MLP is a supervised learning algorithm that learns a function by training on a data set. For a given set of features and a label, it can learn a nonlinear function estimator for classification. The difference between MLP and logistic regression is that there can be one or more hidden nonlinear layers between input and output layers. The most important advantages of MLP are that it is capable of learning a nonlinear model and can learn in real time. This experiment used the MLPClassifier class from [
62] for identification. MLPClassifier implements a multilayer perceptron algorithm that trains with the backpropagation technique.
Besides the five discriminative models, the identification accuracy of the proposed POHMM/HMM model was also compared with the generative models HMM, POHMM, naïve Bayes, Gaussian mixture model (GMM), and Bayesian Gaussian mixture model (BGMM). To train/test HMM and POHMM, the procedures described in [
13] were followed. For the naïve Bayes classifier, the GaussianNB class with default parameters was used from scikit-learn. For GMM and BGMM, the GaussianMixture class and BayesianGaussianMixture class were used, respectively, with a maximum of 100 iterations.
3.1.5. Model Training and Testing
A keystroke biometric system’s performance is evaluated by how correctly the model can differentiate real users from attackers. The classification accuracy (ACC) is measured for model testing and evaluation purposes. Identification of the POHMM/SVM, POHMM/k-NN, POHMM/random forest, POHMM/MLP NN, and POHMM/logistic regression was performed as follows: key-hold time and key-press latency (KPL)/down-down features were extracted from the CMU data set. The POHMM model was trained with the 21 dimensional feature vector for each sample, and POHMM parameters were collected. There are two types of parameters extracted from POHMM: emission parameters and transition parameters.

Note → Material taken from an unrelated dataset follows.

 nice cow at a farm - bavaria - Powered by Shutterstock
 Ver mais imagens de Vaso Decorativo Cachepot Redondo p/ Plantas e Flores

The parameters are then split for training and testing data sets. Stratified
k-fold cross-validation (SCV) is used to split data that randomly selects training and testing data sets. Stratified
k-fold cross-validation provides training/testing indices to split data into training/testing sets. In
k-fold cross-validation, the data set is partitioned into
k equal subsets. Each datum of the
k subset is used for the testing set, and the remaining (
k − 1) subsets are used for the training set. The cross-validation object StratifiedKFold is the variation of KFold that returns stratified folds, i.e., the fold preserves the percentage of samples for each class. The accuracy of each fold is determined and average accuracy of
k-fold determined for overall accuracy. An example of stratified fourfold cross-validation is shown in
Figure 4.
By training multiclass linear SVM with the training parameters, a system of N models is created. For an unknown testing sample, the highest-likelihood class label is predicted. Finally, the accuracy score is determined for testing labels and data. The same evaluation procedure was followed for POHMM/k-NN, POHMM/random forest, POHMM/MLP NN, and POHMM/logistic regression, where the POHMM’s parameters were used as features, and k-NN, random forest, and logistic regression were used as classifiers. We also evaluated the identification performance of k-NN, random forest, logistic regression, SVM (kernel = linear), SVM (kernel = RBF), MLP NN, and naïve Bayes on the CMU keystroke data set. Instead of POHMM’s parameters, dwell time and flight time were used as features to train and test the models.